In Coursera, we love React. In this article, I am going to briefly share about how we build our React-based tracking infrastructure to overcome this issue. Here are two key concepts we developed:

  1. Use React context to pass down data to be recorded
  2. Build a set of common components that automatically handles tracking.

Fundamentally speaking, tracking is very straightforward itself, the intricacy comes from when it interacts with our product code. not uncommon to see the following code in our web application:

tracker.track({event_key, event_value})

The code is quite self-explained, we want to track an event_key with extra attributes information stored in the event_value. E.g., when a learner clicks an enroll button in our home page, we might call

tracker.track({
event_key: "home.page.click.enroll",
event_value: {
user_id: 12345,
course_id: course_id,
time: 2016-02-23
}
})

We want to address an “API leakage” problem caused by tracking needs. For example, assuming we have two components, CourseList and CourseCard. CourseList is a presentation layer of a course list, and in its render function, it renders a list of CourseCard, and the CourseCard shows the information about a certain course. When people click CourseCard, we want to track which list the CourseCard is in, therefore, we need to pass down a course list id to CourseCard only for tracking purpose. If the clickable component is not rendered directly in CourseCard, we have to pass down the course list id to its child components again.

export CourseList = (props) => {
return (
<div>
{props.courses.map(courseId => {
<CourseCard
courseId={courseId}
courseListId={courseListId} //<-- Only used for tracking
/>
}
</div>
)
}

Somewhere in the child component under CourseList, you might see the following code

tracker.track({
event_key: "click.course",
event_value: {
courseId: this.props.courseId,
courseListId: this.props.courseListId
}
})

As you can see, the courseListId field has nothing to do with the function in CourseCard. You could imagine, if analysts require lots of context information to track, the code could potentially be quite tedious and verbose to write and maintain.
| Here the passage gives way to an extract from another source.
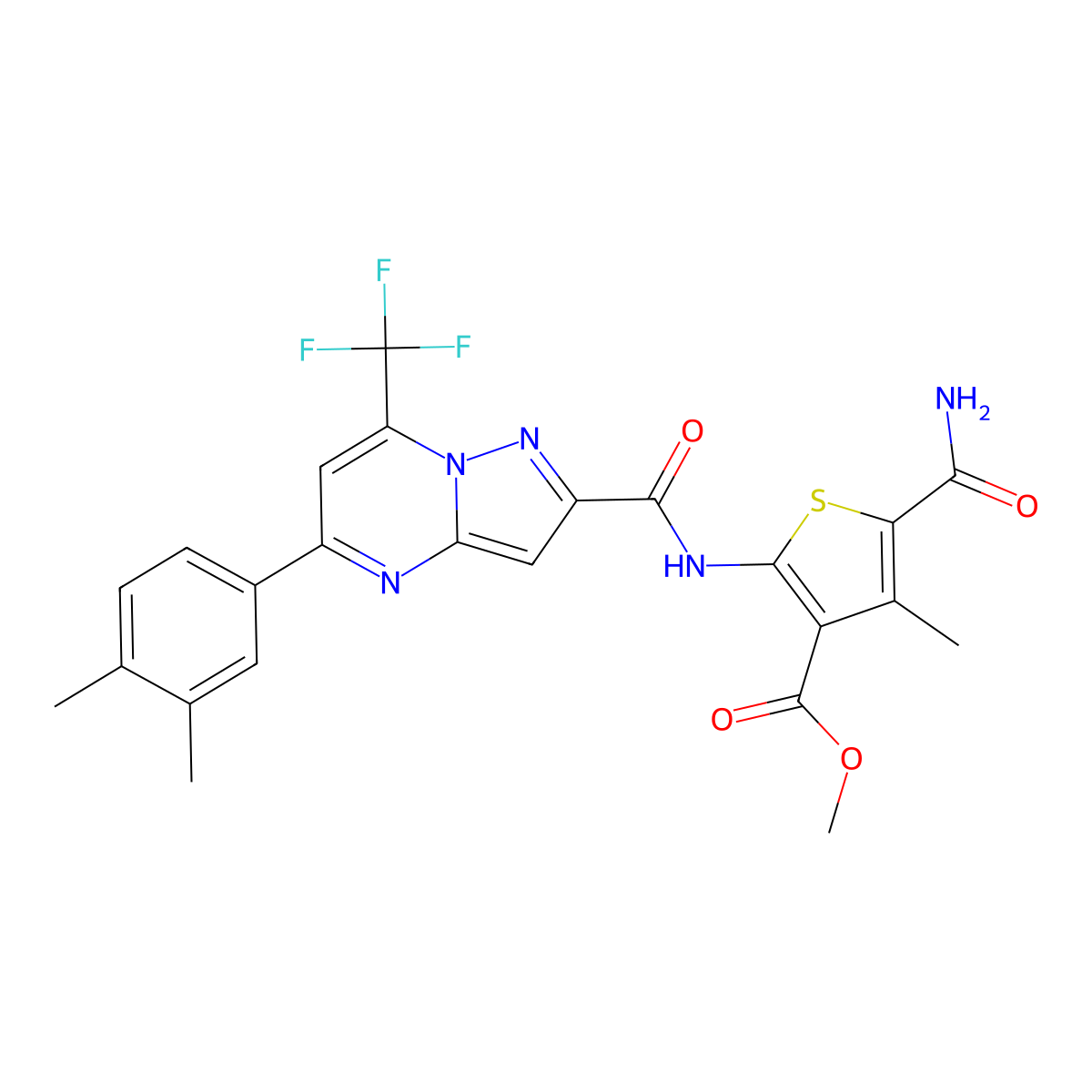 Methyl 5-carbamoyl-2-[[5-(3,4-dimethylphenyl)-7-(trifluoromethyl)pyrazolo[1,5-a]pyrimidine-2-carbonyl]amino]-4-methylthiophene-3-carboxylate molecular structure, CAS 438218-28-1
Therefore, we use React context to share information from parent component to its children components.

const CourseList = (props) => {
return (
<div>
{props.courses.map(courseId => {
<CourseCard
courseId={courseId}
/>
}
</div>
)
}
export createTrackedContainer(CourseList, (props) => {
courseListId: props.courseId
});

The createTrackedContainer (which is a helper function we build) inject the courseListId information into the context of its (direct or indirect) children components. In our application, we reserve an object field in context named _eventData to keep all information injected by createTrackedContainer. Later, I will explain how we grab the information from the context, but now you can see that all of the prop fields that are relevant to its function.

The other benefit of this implementation is that if we remove the createTrackedContainer code, nothing will break.
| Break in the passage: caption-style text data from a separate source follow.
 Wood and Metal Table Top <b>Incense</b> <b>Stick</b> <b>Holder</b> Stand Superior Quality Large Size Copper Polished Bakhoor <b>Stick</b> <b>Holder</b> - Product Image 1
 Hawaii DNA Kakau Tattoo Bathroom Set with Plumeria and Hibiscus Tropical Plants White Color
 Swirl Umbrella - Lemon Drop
Now we need to build a set of tracked components that people can use to build their applications.

There is no magic in the tracked components, here is a minified version of our button component for tracking click actions:

class TrackedButton extends React.Component {  static propTypes = {
trackingName: React.PropTypes.string.isRequired,
// this allows people to directly record addition fields
// without using createTrackedContainer funciton.
// This is very handy for the direct parent component to pass
// down data to this button
data: React.PropTypes.object,
onClick: React.PropTypes.func,
children: React.PropTypes.node,
}
static contextTypes = {
_eventData: React.PropTypes.object
}
trackClick = (e) => {
tracker.track(
'click' + this.props.trackingName,
// the following code will send the current context to
// our backend
{
context: ...this.context._eventData
data: ...this.props.data
}
);
if (this.props.onClick) {
this.props.onClick(e);
}
}
render() {
return (
<button
onClick={this.trackClick}
>
{this.props.children}
</button>
);
}
}

These tracked components are maintained by Analytics team, and we ask our engineers to implement their view code using these components.
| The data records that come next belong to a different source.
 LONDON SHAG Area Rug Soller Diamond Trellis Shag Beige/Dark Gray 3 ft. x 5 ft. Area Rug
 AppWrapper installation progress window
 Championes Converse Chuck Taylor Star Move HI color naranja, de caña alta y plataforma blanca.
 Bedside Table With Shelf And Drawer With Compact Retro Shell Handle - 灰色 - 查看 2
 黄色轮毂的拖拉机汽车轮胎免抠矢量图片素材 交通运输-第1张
We think this will work well with our React-based learning platform,

  • Product engineers don’t need to worry about tracking: the only thing they need to do is to use our tracked components. The interface is almost the same with the React HTML elements. The trackingName and data are two additional fields.
  • This implementation is quite adaptive. Our product is changing all the time. The tracking is not coupled with our render functions at all. If a component is moved to a new place, the context will change automatically.
  • Analysts can potentially work on this API directly without much javascript experience. This means that if analysts want to record additional information or modify existing tracking function, they don’t need to depend on a product engineer. (We are still experimenting on this.)

We are slowly migrating our tracking code to this new paradigm, and we are excited to see whether this will help us to change the dynamic between product team and analytic team on tracking user behavior on our website.

--

--